▼▼▼

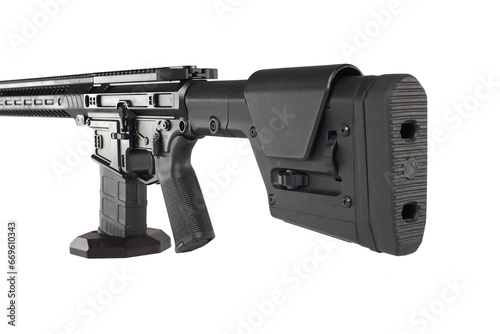 Wallpaper Mural AR10 carbine, modern automatic black rifle isolated on white background. Weapons for police, special forces and the army. Torontodigital.ca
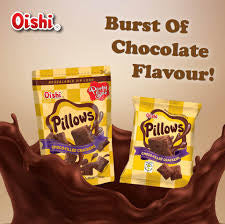 Oishi Pillows Chocolate Filled Crackers - 100g/pack Party Size, 6gx10pkts, 6gx20pkts, 12gx10pkts Family Packs (Halal)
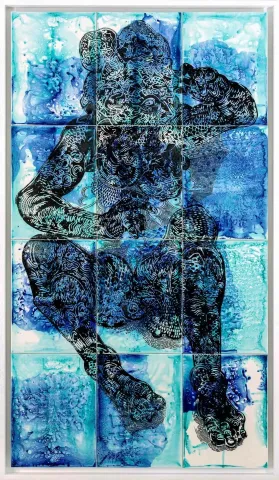 "Deniz Tanrıları 4" eseri SEMİH KAPLAN tarafından 2016 yılında 132x75 cm ölçülerinde Çini duvar panosu tekniği ile yapılmıştır.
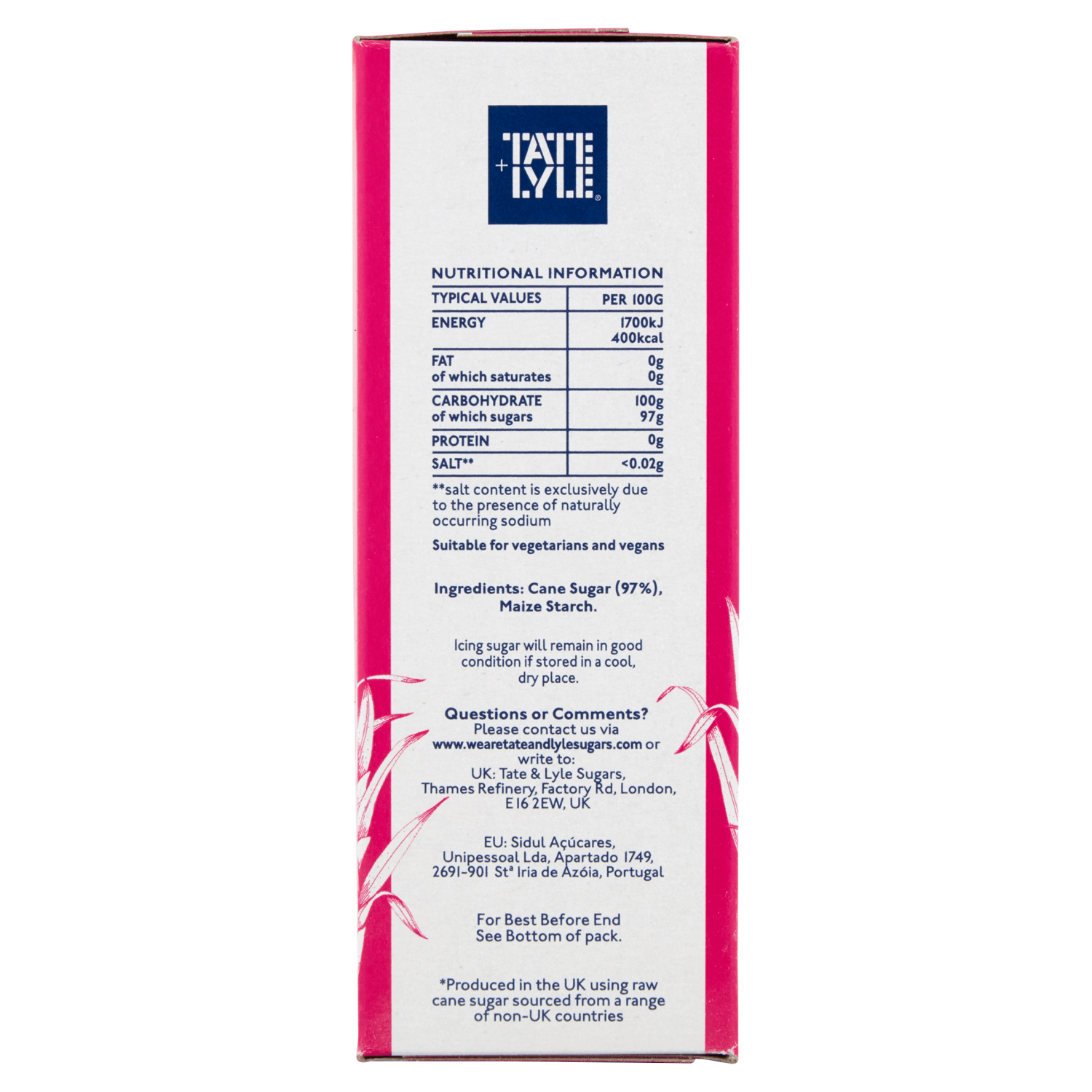 Tate & Lyle Cane Icing Sugar 500g - UK Food & Drink - 5010115822362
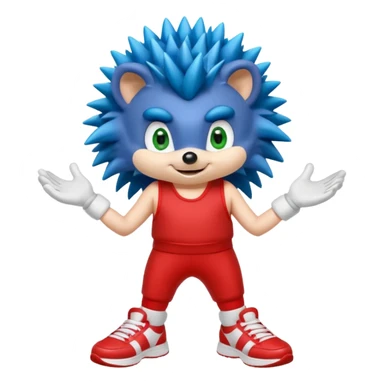 Blue anthropomorphic hedgehog, spiky hair, large green eyes, confident smile.Wearing red sneakers with white straps and white gloves. sticker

▲▲▲

WORK ITEM
Everything from the line with "Tate & Lyle" through the final line of the material is to be returned exactly, both ends included, apart from the pictures.

ANSWER TO THIS PROBLEM
 Tate & Lyle Cane Icing Sugar 500g - UK Food & Drink - 5010115822362
 Blue anthropomorphic hedgehog, spiky hair, large green eyes, confident smile.Wearing red sneakers with white straps and white gloves. sticker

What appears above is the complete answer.